» **INFORMATION GIVEN**
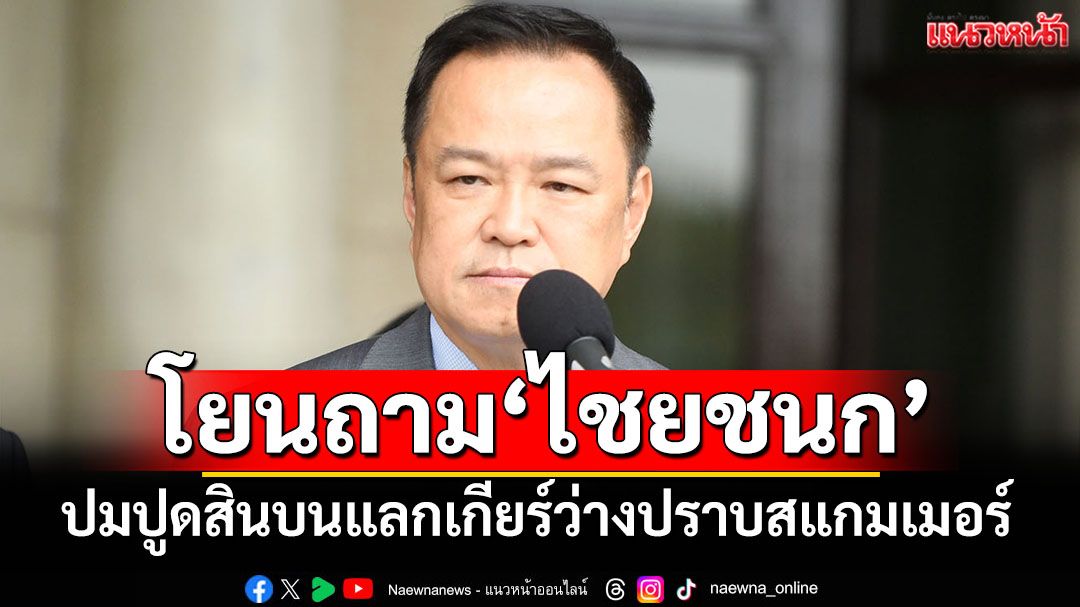 นายกฯโยนสื่อถาม‘ไชยชนก’ปมปูดจ่าย 40 ล้าน แลกเกียร์ว่างปราบสแกมเมอร์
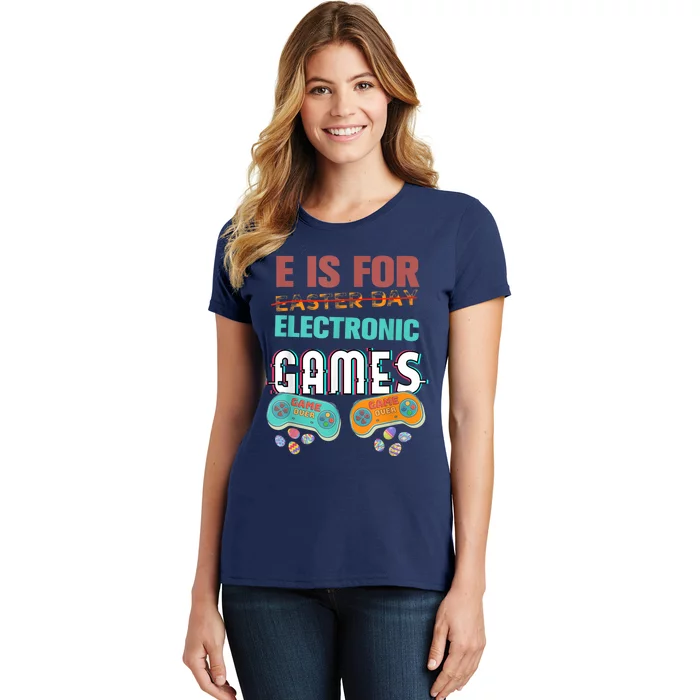 E Is For Electronic Games Cute Easters Day Game Lover Women's T-Shirt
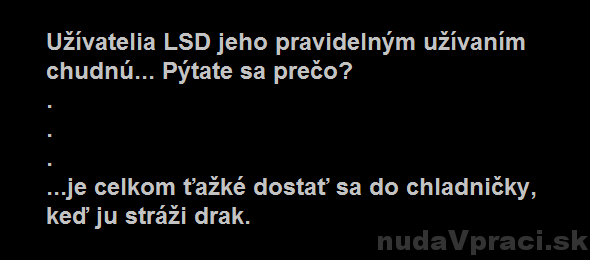 Prečo užívatelia LSD jeho užívaním chudnú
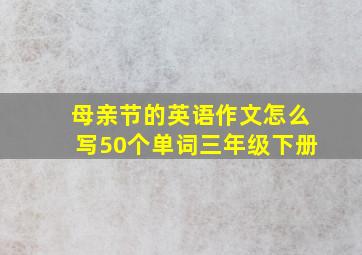 母亲节的英语作文怎么写50个单词三年级下册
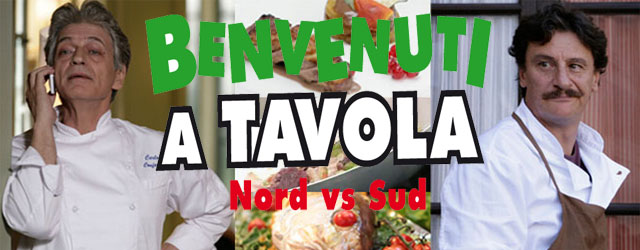 Benvenuti a tavola - Nord vs. Sud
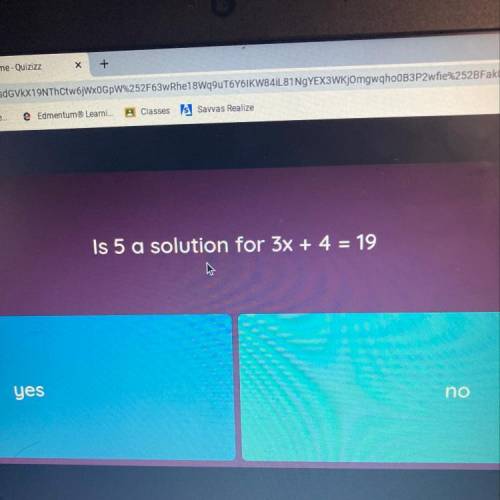 Is 5 a solution for 3x + 4 = 19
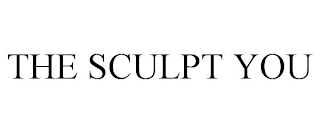 THE SCULPT YOU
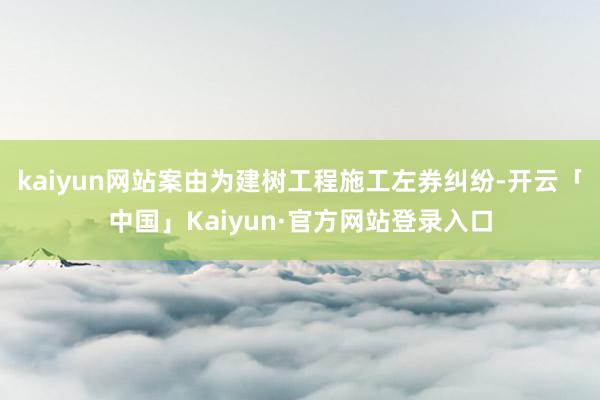 kaiyun网站案由为建树工程施工左券纠纷-开云「中国」Kaiyun·官方网站登录入口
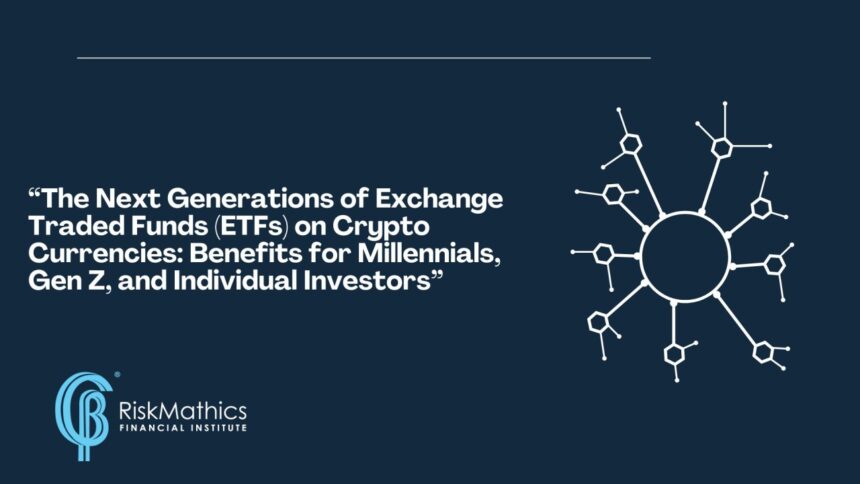 The Next Generations of Exchange Traded Funds (ETFs) on Crypto Currencies: Benefits for Millennials, Gen Z, and Individual Investors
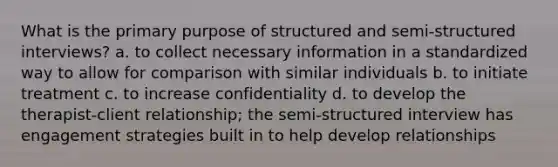 What is the primary purpose of structured and semi-structured interviews? a. to collect necessary information in a standardized way to allow for comparison with similar individuals b. to initiate treatment c. to increase confidentiality d. to develop the therapist-client relationship; the semi-structured interview has engagement strategies built in to help develop relationships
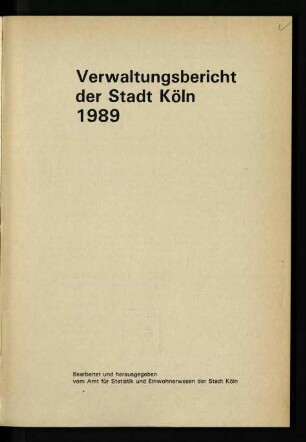 Verwaltungsbericht der Stadt Köln / 1989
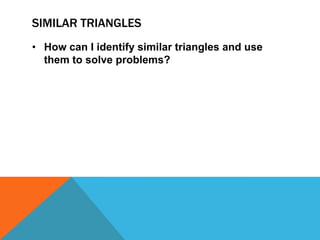 SIMILAR TRIANGLES
• How can I identify similar triangles and use
  them to solve problems?
 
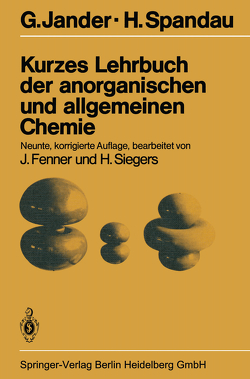 Kurzes Lehrbuch der anorganischen und allgemeinen Chemie von Fenner,  Jürgen, Jander,  G., Siegers,  Harald, Spandau,  H.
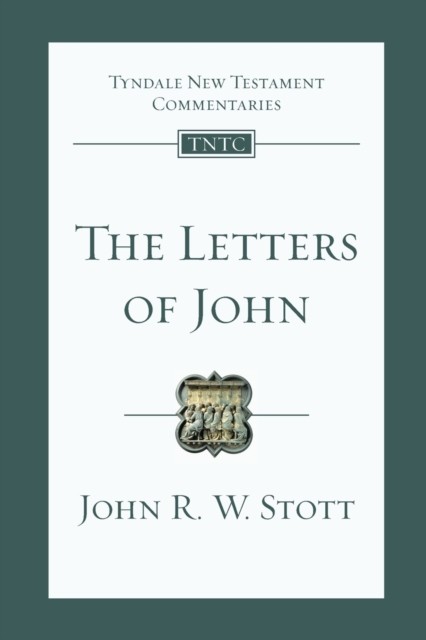 The Letters of John – Tyndale New Testament Commentary by John  Stott - Image 5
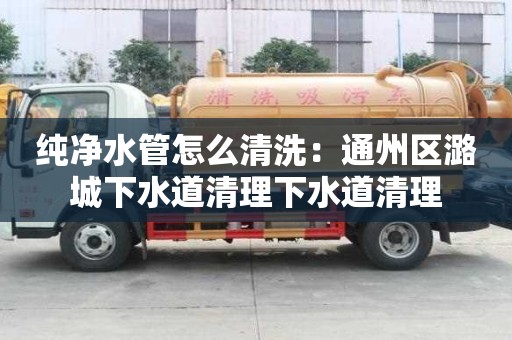 純凈水管怎么清洗：通州區潞城下水道清理下水道清理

» **WHAT TO WORK ON**
Where a record holds a picture, leave the picture out and restate the rest word for word.

» **RESPONSE BELOW**
 นายกฯโยนสื่อถาม‘ไชยชนก’ปมปูดจ่าย 40 ล้าน แลกเกียร์ว่างปราบสแกมเมอร์
 E Is For Electronic Games Cute Easters Day Game Lover Women's T-Shirt
 Prečo užívatelia LSD jeho užívaním chudnú
 母亲节的英语作文怎么写50个单词三年级下册
 Benvenuti a tavola - Nord vs. Sud
 Is 5 a solution for 3x + 4 = 19
 THE SCULPT YOU
 kaiyun网站案由为建树工程施工左券纠纷-开云「中国」Kaiyun·官方网站登录入口
 The Next Generations of Exchange Traded Funds (ETFs) on Crypto Currencies: Benefits for Millennials, Gen Z, and Individual Investors
 What is the primary purpose of structured and semi-structured interviews? a. to collect necessary information in a standardized way to allow for comparison with similar individuals b. to initiate treatment c. to increase confidentiality d. to develop the therapist-client relationship; the semi-structured interview has engagement strategies built in to help develop relationships
 Verwaltungsbericht der Stadt Köln / 1989
 SIMILAR TRIANGLES
• How can I identify similar triangles and use
  them to solve problems?
 
 Kurzes Lehrbuch der anorganischen und allgemeinen Chemie von Fenner,  Jürgen, Jander,  G., Siegers,  Harald, Spandau,  H.
 The Letters of John – Tyndale New Testament Commentary by John  Stott - Image 5
 純凈水管怎么清洗：通州區潞城下水道清理下水道清理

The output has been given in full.